Lakewood, A Half-Century Ago: The Christmas Walk...

Lakewood's Christmas walk...a timeless tradition...(Photo by Gary Rice)

I'm not sure if there's any more peaceful time known to humankind than the quiet walk to church on Christmas Eve that Mom and I took each year. We walked down to church to join Dad, who was already there, directing the youth choir.

As walks go, it wasn't a very long one; just down Rosewood Avenue, across Detroit Avenue, and over to the Lakewood United Methodist Church. In the span of a lifetime, those walks generally only took about fifteen or twenty minutes. More often than not, there was simply the quiet crunching of our metal-strapover gumboots on the crystalline snow that shown like shimmering diamonds in the glow of those old frost-covered streetlamps; having their light interspersed by the shadows cast from those huge tree-lawn elms, arching ever Heavenward. The elms' V-like giant branches formed a natural cathedral of wonderment. Rosewood itself took on a surreal, holy, other-worldly quality, as childhood imaginations took flight on that Sacred Night of nights.

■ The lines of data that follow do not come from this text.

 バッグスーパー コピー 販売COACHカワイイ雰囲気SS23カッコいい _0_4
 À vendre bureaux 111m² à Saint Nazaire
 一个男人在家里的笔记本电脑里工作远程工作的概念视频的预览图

Sometimes too, we would be joined by neighbors on our pilgrimage down that street. Sometimes, we would all sing carols together. At the intersection of Detroit, some of those neighbors would turn left, for destinations like St. James, or Trinity Lutheran. Others stayed with us, and made the trip across the street to Lakewood Methodist. Sometimes, we walked in the footprints of others. Sometimes, especially with us kids, we made new pathways of our own, and not always on the sidewalks, of course. The mounds of snow at the ends of the driveways became our own little mountain range to conquer. All too often, by the time we arrived at church, we had wet trouser legs well above the height of our 8 inch gumboots, and we could have cared less too. Sometimes, we lost our balance, and ended up fidgeting through our beautiful, but always extra-long church services, with very soggy, itchy, wet, cold behinds.

Such was Lakewood life, on that timeless Holy Night.

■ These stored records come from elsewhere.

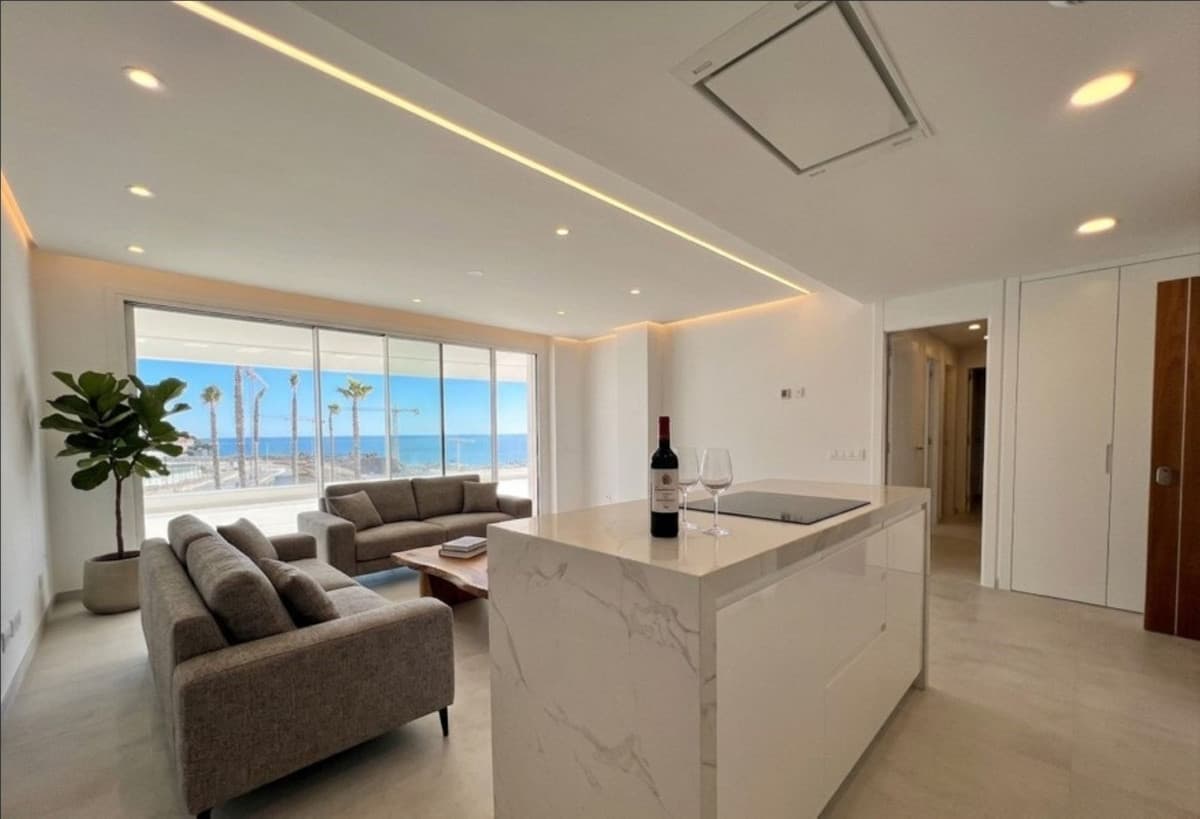 Middle Floor Apartment in La Cala de Mijas — photo 3 of 10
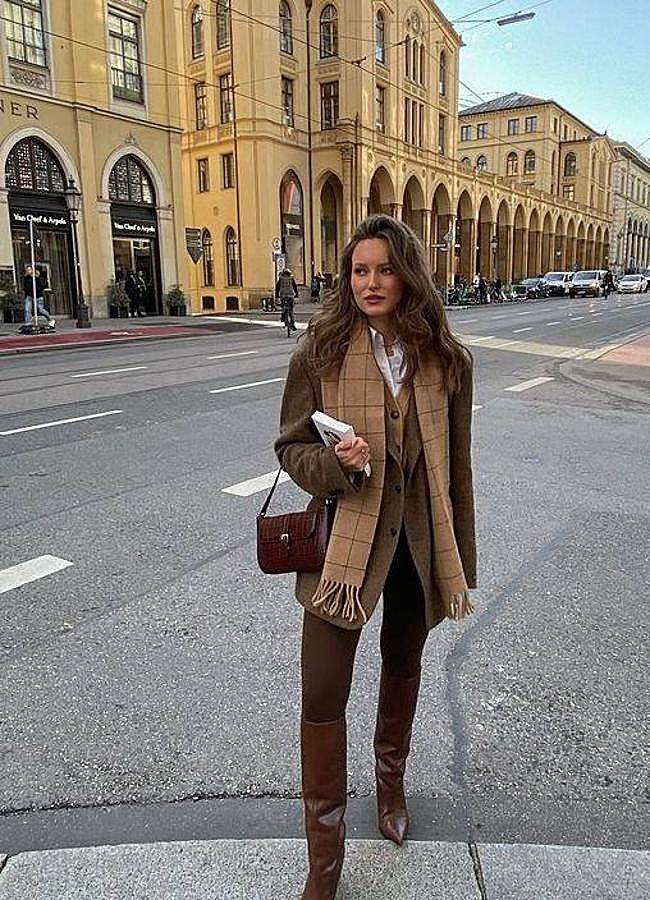 Imagen - Influencer con look de pantalones y botas marrón chocolate combinados con prendas en otos tonos de marrón/@liviaauer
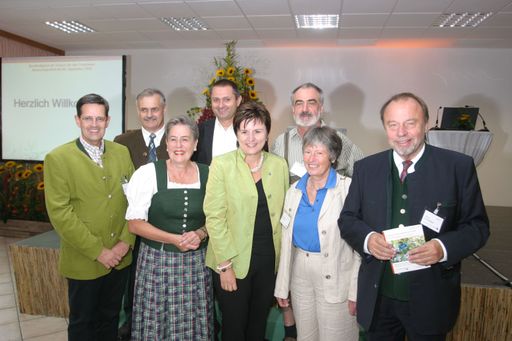 v.l.n.r.: Christoph Madl (Geschäftsführer der Niederösterreich Werbung), Obmann Bgm. Ök.-Rat Anton Gonaus (Regionalplanungsgemeinschaft Pielachtal und Leader Region Mostviertel-Mitte), Dr. Monika Putschögl (Redakteurin DIE ZEIT, München), Mag. Andreas Purt (Geschäftsführer Mostviertel Tourismus), Landtagsabgeordnete Michaela Hinterholzer, DI Hans Weiss (Steinschalerhof und Steinschaler Dörfl), Angelika Zahrnt (Mitglied im Rat für Nachhaltige Entwicklung der deutschen Bundesregierung), Dr. Ernst Scheiber (Geschäftsführer Club Niederösterreich);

Us kids did not always understand the "Glorias" and "Hallelujahs" back then either. We retained very little of those serious sermons and Scripture readings, but there were those bits and pieces...

Bits and pieces? Oh yeah....

I remember very few toys that I ever received for Christmas, but I do remember those bits and pieces...something about a Savior being born this day in the City of David...something else about peace on earth, and goodwill, and these remembrances cause me to wonder sometimes...

Is our world...is Lakewood, for example, still that loving place where people of faith can joyfully walk down a street on Christmas Eve, and then each proceed to their own house of worship? Do people even WALK down a street on Christmas Eve anymore, particularly on that timeless journey to the church of their choice? Would they even recognize their childhood church if they decided to return to it? For that matter, is their church even functioning anymore? For many in Lakewood, that answer would unfortunately be "no"...and for those who still make that Christmas walk, do they continue to speak with others on their way, or do they simply and hurriedly shuffle along, lost in their own private thoughts? Has "church" simply become an automatic tradition, or some guilt-inspired historic obligation for many? I surely hope not.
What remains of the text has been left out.